━━━━━ Task input
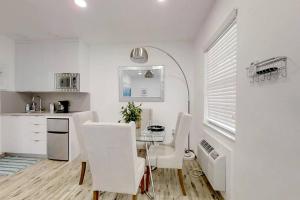 Renovated studio w ocean views boardwalk steps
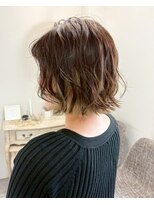 ロッカ(ROCCA)&nbsp;似合わせカットインナーカラー×外ハネボブ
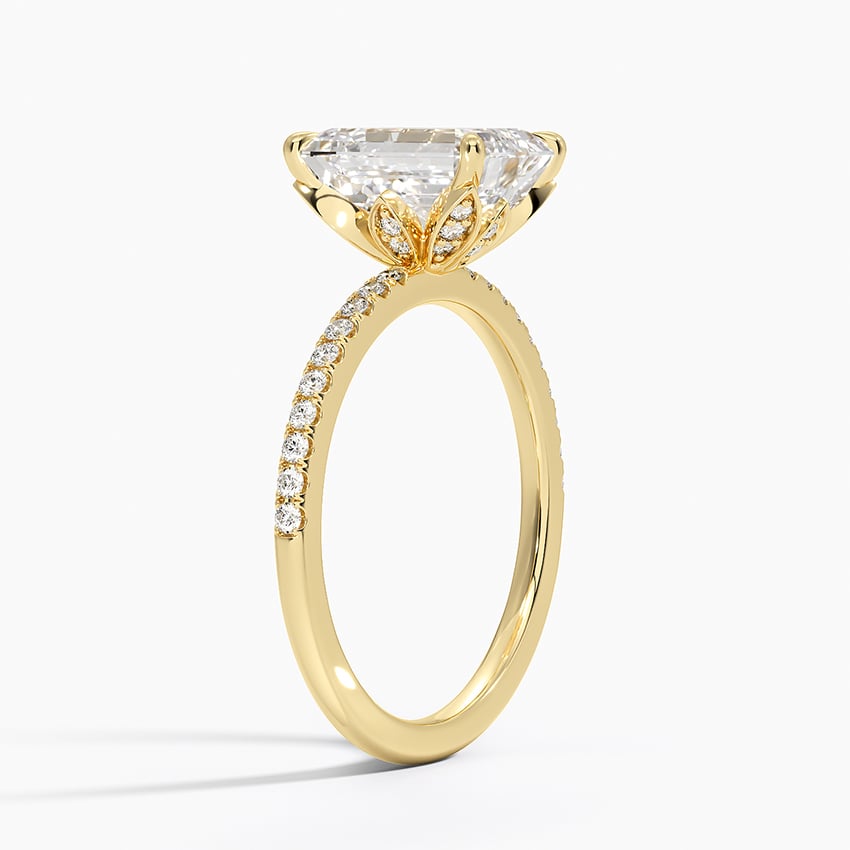 18K Yellow Gold Luxe Petal Diamond Ring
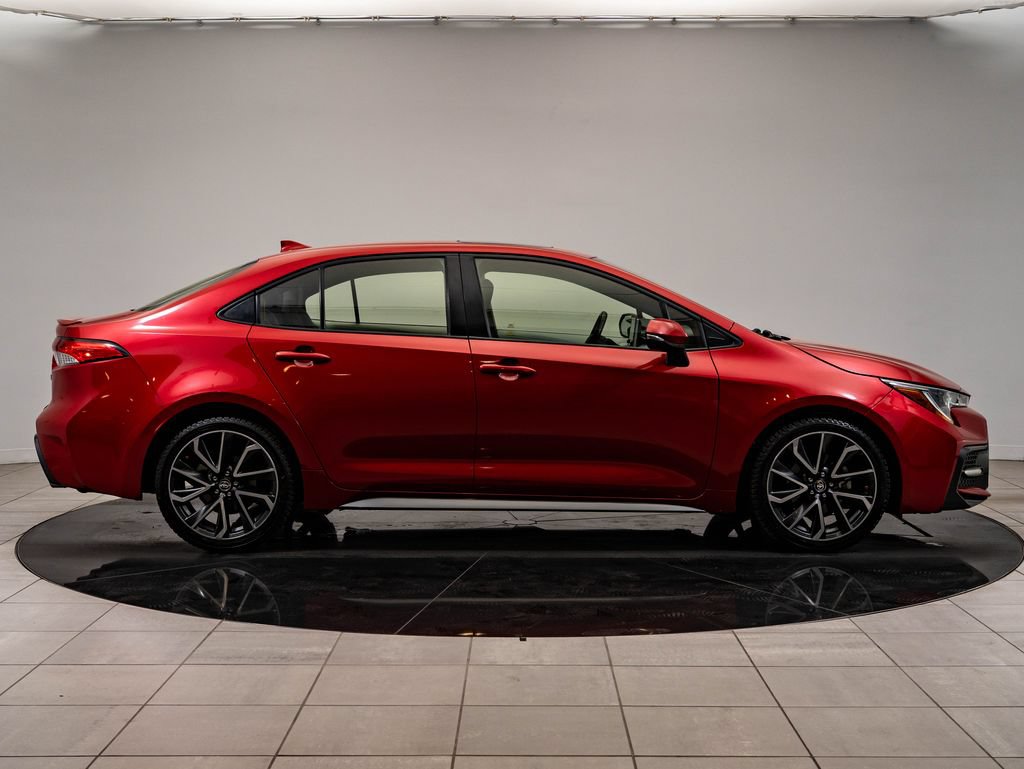 Used 2020 Toyota Corolla SE w/ SE Premium Package FWD image 11
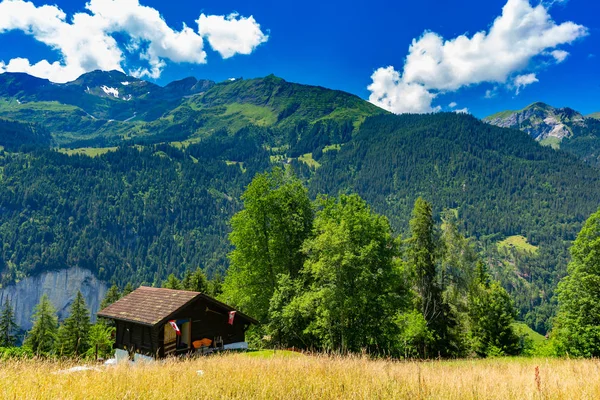 Lonely house in Swiss Alps, Switzerland — Stock Photo, Image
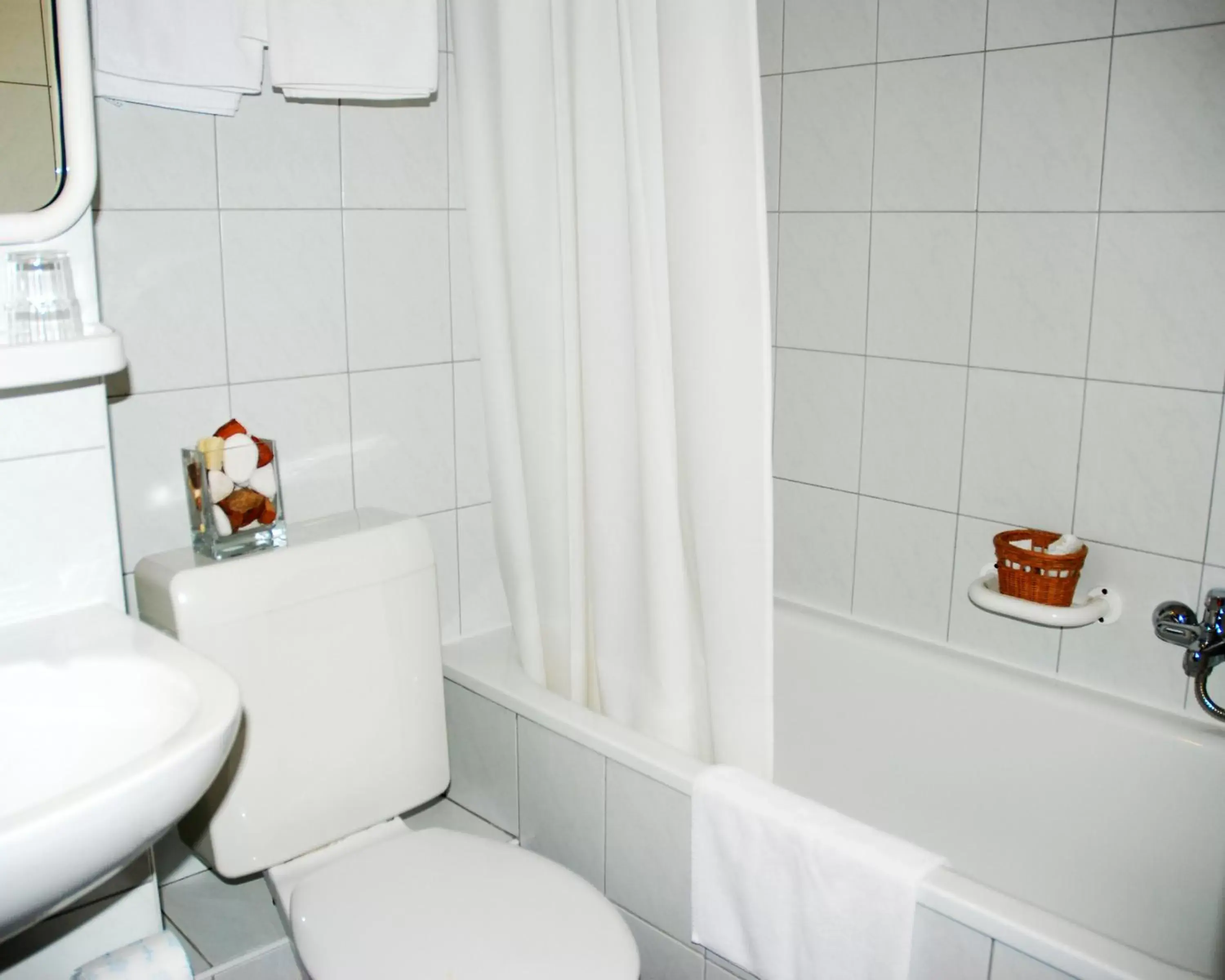 Bathroom in Hotel Orion Várkert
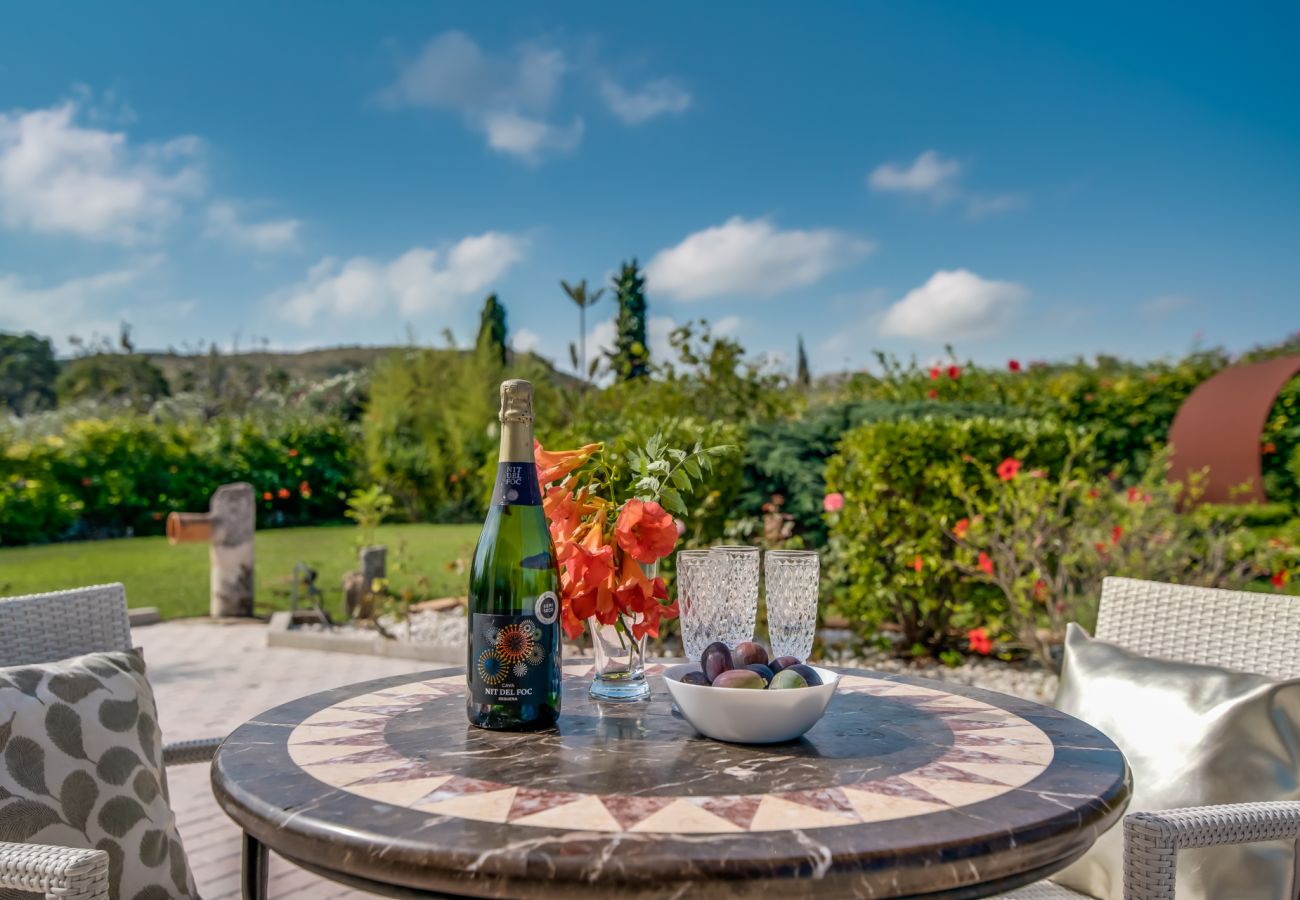 Domaine à Alcudia - Finca rurale à Alcudia Ca Na Siona avec piscine.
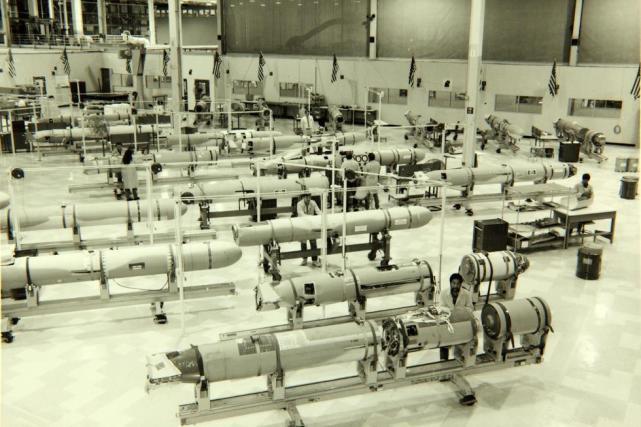 口径巡航导弹与长剑-10,两种武器的对比解析,口径巡航导弹与长剑-10武器系统对比解析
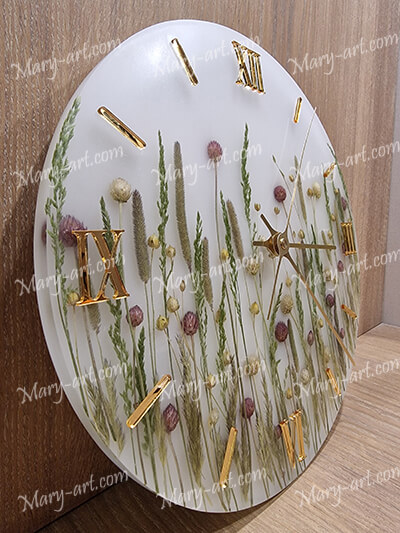 Часы на белом фоне. Луговые цветы. Подарок для семьи в интерьер. Индивидуальный подход в дизайне. Использование ваших букетов и предметов.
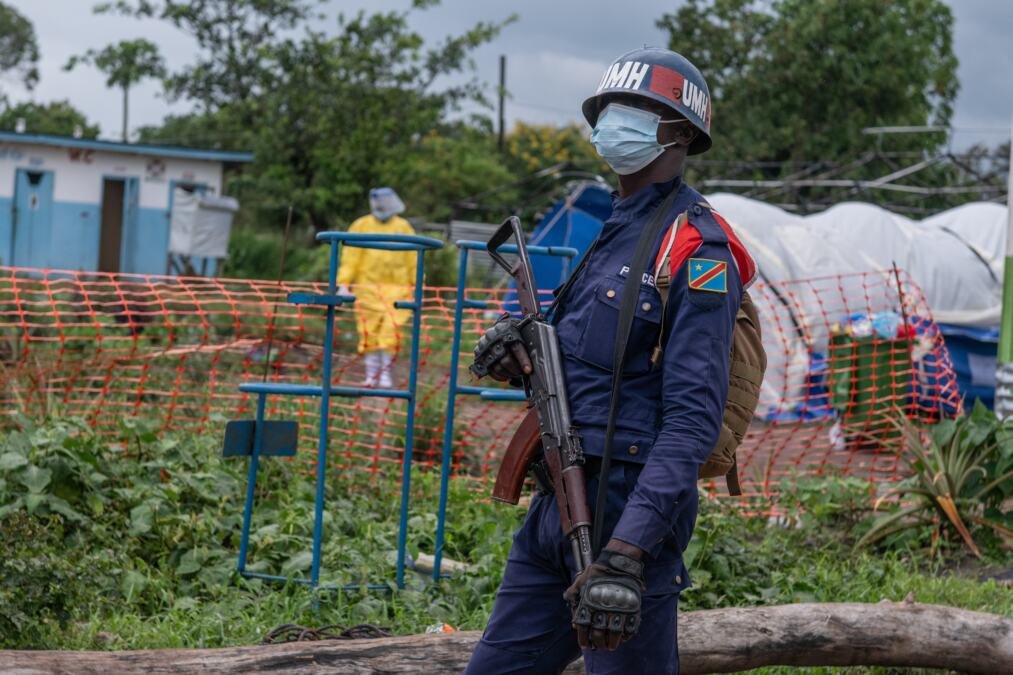 "NE MOGU DA SE IZOLUJU ZARAŽENI OD EBOLE DOK PADAJU BOMBE" Šef SZO pozvao na prekid vatre u Kongu kako bi se suzbila epidemija (FOTO)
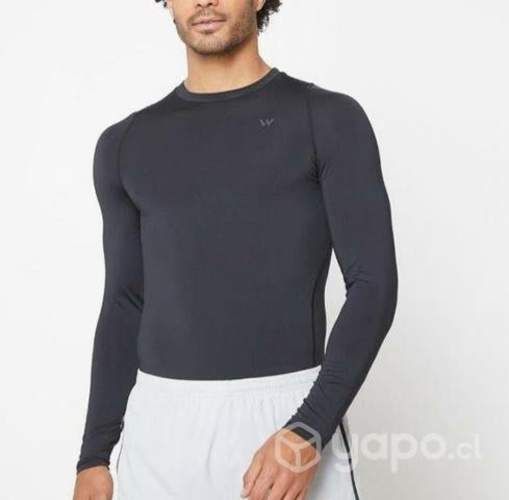 Polera o primera CAPA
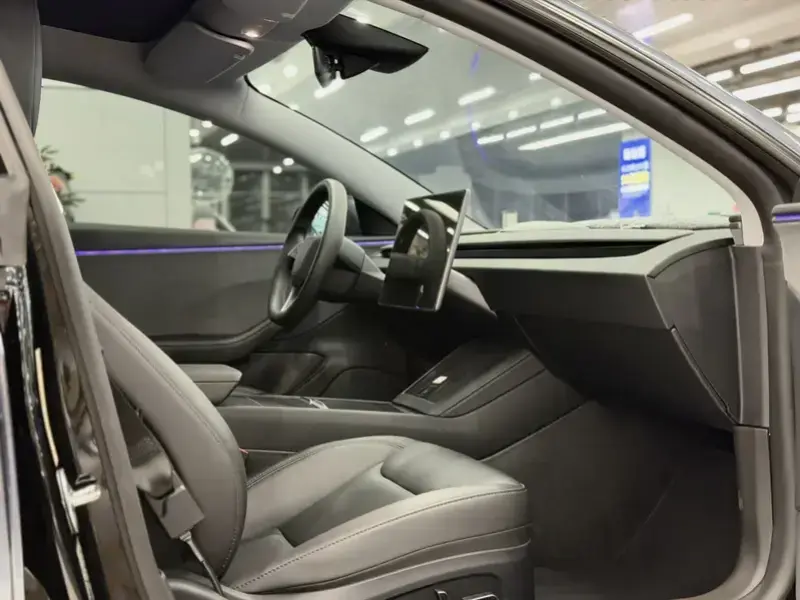 2025 Tesla Model 3 с пробегом 30 000 км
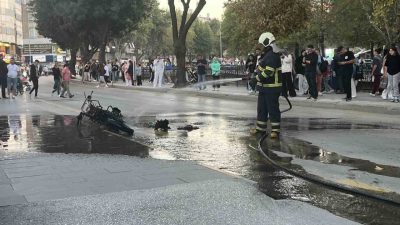 Kastamonu’da seyir halindeyken alevlere teslim olan motosiklet kullanılmaz hale geldi.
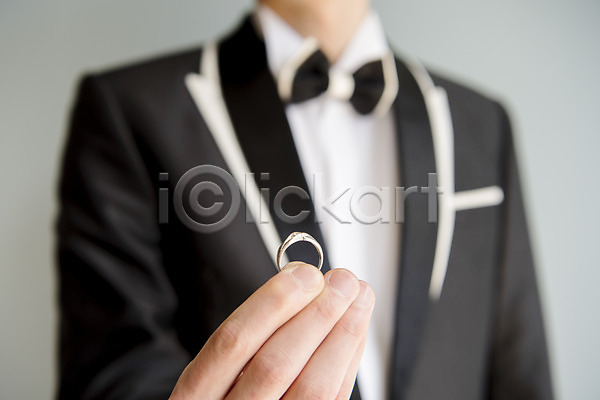 20대 남자 성인 성인남자한명만 한명 JPG 포토 결혼 결혼반지 들기 상반신 정장 턱시도 프로포즈
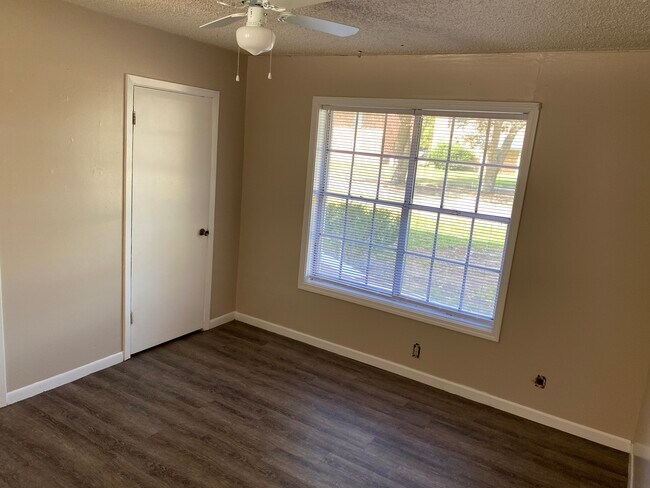 Building Photo - 401 Willett Pl Blvd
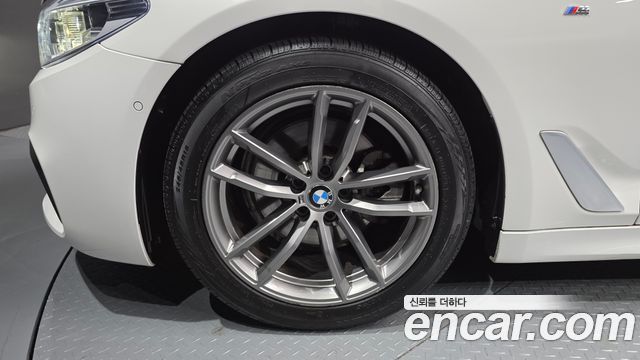 BMW 5-Series 2019 — photo 5
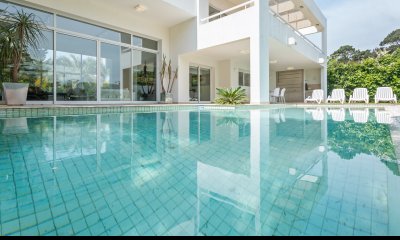 CASA EN VENTA EN BOULEVARD PARK CON 5 DORMITORIOS
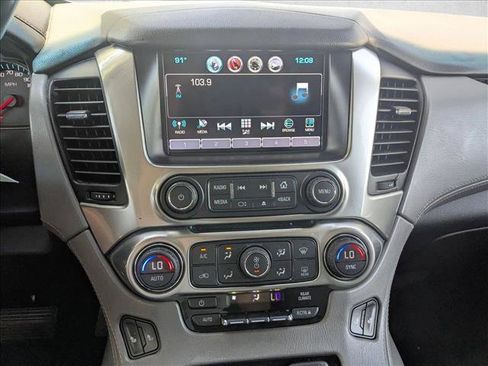 Used 2016 Chevrolet Suburban LT RWD image 14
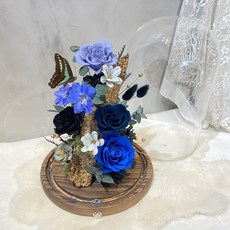 藍色系永生花玻璃罩擺飾，蝴蝶裝飾暖光燈木質底座，精緻花藝禮品, 藍色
━━━━━━━━━━
■ **Task directions**: Starting with the line containing "Used 2016 Chevrolet Suburban LT RWD image 14" and ending with the last line of the records above, write out each line exactly; no pictures.

■ **Solution for this task**:
 Used 2016 Chevrolet Suburban LT RWD image 14
 藍色系永生花玻璃罩擺飾，蝴蝶裝飾暖光燈木質底座，精緻花藝禮品, 藍色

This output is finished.